Sulla Discovery lavora
come primo ufficiale il primo kelpiano della flotta, Saru (Doug Jones) che ha
sul retro della nuca dei gangli che si eccitano in caso di pericolo, caratteristica
essenziale per lui che appartiene a una specie di predati: ammetto che è il mio
preferito. Paul Stamets (Anthony Rapp) è l’ufficiale scientifico, esperto di
astromicologia, che porta a scoprire un nuovo modo di navigazione che utilizza
particele di micelio; è il primo personaggio apertamente gay nella storia di Star Trek e ha una storia con
l’ufficiale medico Hugh (Wilson Cruz). A
diventare presto amica di Michael è Sylva Tilly (Mary Wiseman), una cadetta
all’ultimo anno dell’accademia, mentre suo interesse sentimentale diventa il
tenente Ash Tyler (Shazad Latif).
Con showrunner Grechen J
Berg e Aaron Harberts, la narrazione, più dark di quanto siamo abituati e
fortemente serializzata in un primo arco compatto, è molto ricca di azione e di
colpi di sena, ben strutturati e calibrati, e da lasciare veramente con il fiato
sospeso. Poi, in sintonia con la serialità più recente, si è poco sentimentali
nei confronti della sorte dei protagonisti. Se serve meglio la narrazione la
loro morte, non la si esclude. Il cast è forte.
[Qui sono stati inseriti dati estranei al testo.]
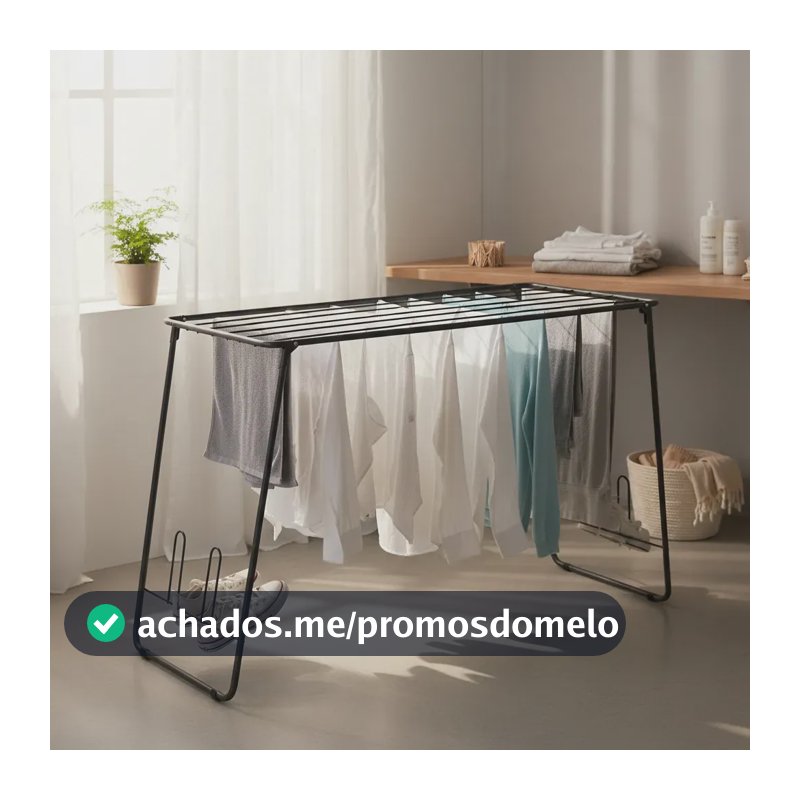 Varal De Chão Itália Dobrável Aço Resistente Pés Mais Altos Preto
Di principio si sostengono gli
ideali di diversità e giustizia e si mette in guardia contro l’arroganza
culturale mostrando il rischio di fraintendimenti e la difficoltà a conoscersi
e integrarsi, con una funzione di commento velato alla realtà contemporanea
anche, e una riflessione sulle politiche di identità. Lungo la via ci si perde in
più di un’occasione: vedere l’equipaggio assentire con soddisfazione per il
fatto che si sono dimostrati bravi guerrieri in considerazione del fatto che
sono in realtà scienziati fa alzare più di qualche sopracciglio: nella gioia di
aver vinto, questo sarebbe contemporaneamente qualcosa di cui rammaricarsi; l’abbondante
tempo trascorso in uno strip club / bordello nell’ultima puntata, le troppe
scene con i klingon… Si chiude con un sottofinale un po’ troppo retorico e smaccato,
che comunque ci sta, e una ultimissima scena è emozionante e toccante, con un homage che commuove. Nel complesso una
serie che, almeno nella sua prima stagione, non è imperdibile, ma è godibile.